By Frédéric Parienté, December 2001  

Synopsis

The hardware performance counters found in the UltraSPARC and Pentium microprocessors provide a powerful means to monitor and analyze performance of a given application or an entire system. Starting with the Solaris 8 Operating Environment (OE), there is increasing software support of hardware counters and easier access for application developers, including programming interfaces and utility tools. On top of the new libraries, a tool called the Hardware Activity Reporter (HAR) has been built to answer the needs of application programmers. HAR combines low-level processor events into common performance metrics, such as MIPS, FLOPS and cache miss rates. On a couple of case studies in the fields of CFD and MCAD, HAR proves useful in identifying performance bottlenecks and quantifying code-tuning improvements.

Contents

Introduction
Solaris 8 OE Support for Hardware Performance Counters
Solaris 8 OE Libraries
Solaris 8 OE Utility Tools
The Hardware Activity Reporter (HAR)
Performance Metrics for UltraSPARC-II Chip
The Hardware Activity Reporter Tool
Case Studies
Case Study 1: CFD Code
Case Study 2: MCAD Code
Additional Reading

Introduction

The UltraSPARC and Pentium microprocessors contain hardware performance counters that allow counting a series of processor events, such as cache misses, pipeline stalls and floating-point operations. Statistics of processor events can be collected in hardware with little or no overhead, making these counters a powerful means to monitor an application and analyze its performance.
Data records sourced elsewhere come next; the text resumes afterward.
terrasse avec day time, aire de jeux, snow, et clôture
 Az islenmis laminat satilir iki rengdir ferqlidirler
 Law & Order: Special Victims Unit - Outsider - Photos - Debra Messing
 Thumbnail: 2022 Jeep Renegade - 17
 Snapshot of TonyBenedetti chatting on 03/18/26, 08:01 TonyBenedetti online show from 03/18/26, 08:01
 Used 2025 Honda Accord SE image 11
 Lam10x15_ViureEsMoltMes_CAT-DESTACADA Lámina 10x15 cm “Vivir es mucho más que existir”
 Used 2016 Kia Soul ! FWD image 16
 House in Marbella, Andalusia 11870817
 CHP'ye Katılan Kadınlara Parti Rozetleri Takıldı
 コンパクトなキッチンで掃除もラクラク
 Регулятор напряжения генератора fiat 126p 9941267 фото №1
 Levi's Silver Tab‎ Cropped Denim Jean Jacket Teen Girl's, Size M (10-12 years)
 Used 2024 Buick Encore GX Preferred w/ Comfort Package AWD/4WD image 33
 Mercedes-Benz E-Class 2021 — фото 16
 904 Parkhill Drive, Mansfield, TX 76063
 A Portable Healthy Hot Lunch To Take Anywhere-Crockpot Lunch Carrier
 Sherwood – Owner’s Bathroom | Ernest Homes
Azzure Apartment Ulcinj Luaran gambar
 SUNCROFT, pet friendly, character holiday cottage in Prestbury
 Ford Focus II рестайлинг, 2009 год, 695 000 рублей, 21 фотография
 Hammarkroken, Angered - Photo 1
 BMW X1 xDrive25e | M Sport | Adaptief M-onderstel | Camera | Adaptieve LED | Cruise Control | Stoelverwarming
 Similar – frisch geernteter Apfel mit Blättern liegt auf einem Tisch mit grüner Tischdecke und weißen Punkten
Such counters, to their advantage, are non-intrusive, do not to require recompilation of applications and are available in every UltraSPARC-based system that Sun Microsystems currently ships. Nonetheless, these counters are not widely used beyond hardware specialists because of the lack of programming interfaces and sparse documentation.

Starting with release 8 of the Solaris OE, there is an increasing support of hardware counters, with the availability of utility tools and public programming interfaces. This support for hardware counters at the operating system level is a major milestone for the Solaris software developer community but is not a direct answer to its needs. Application programmers work at a higher level where the common metrics are a combination of the low-level event counts accumulated in hardware. There is a need for higher-level tools that hide the complexity of the underlying hardware design and present in a uniform manner the common metrics the programmers expect: million instructions per second (MIPS), floating-point operations per second (FLOPS), cache miss rate.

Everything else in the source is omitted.